Reputation: 112
I'm a bit new to Python and Pandas and I'm trying to do a very simple thing, which is looping over a column of a pandas dataframe called df and modify a value, like in the following snippet
for i in range(0,len(df.time) - 1):
if df.time[i] == df.time[i+1]:
df.at[i,'time'] = df.time[i] - 1
df is the dataframe, which has the column "time". I'm looking for repetitive ticks on time, and if two subsequent timesteps have the same value, I decrement the first by 1.
The problem is that it takes too much time! I ran it for over 20 minutes and it didn't end!

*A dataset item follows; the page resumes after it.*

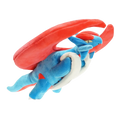 Takara tomy pokemon mudkip plush toy featuring blue and red dragon-like design with white accents in soft fabric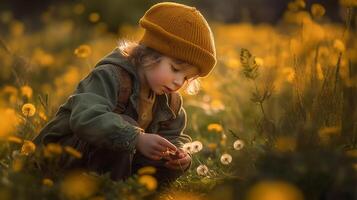 bambini giocare a. bambino nel dente di leone campo. estate fiore. incredibile avventure ai generativo foto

On Matlab, the same thing runs in seconds. Why is that and how can I fix? I should also say that the size of this dataframe is over 9 million.
Thanks in advance.
Upvotes: 0
Views: 100
Reputation: 210852
Is that what you want?
In [83]: df['new'] = df['time']
In [84]: df.loc[df.time.diff(-1).eq(0), 'new'] = df.loc[df.time.diff(-1).eq(0), 'time'] - 1
In [85]: df
Out[85]:
time new
0 1 1
1 2 2
2 4 3
3 4 4
4 5 5
5 7 6
6 7 7
7 8 8
Upvotes: 1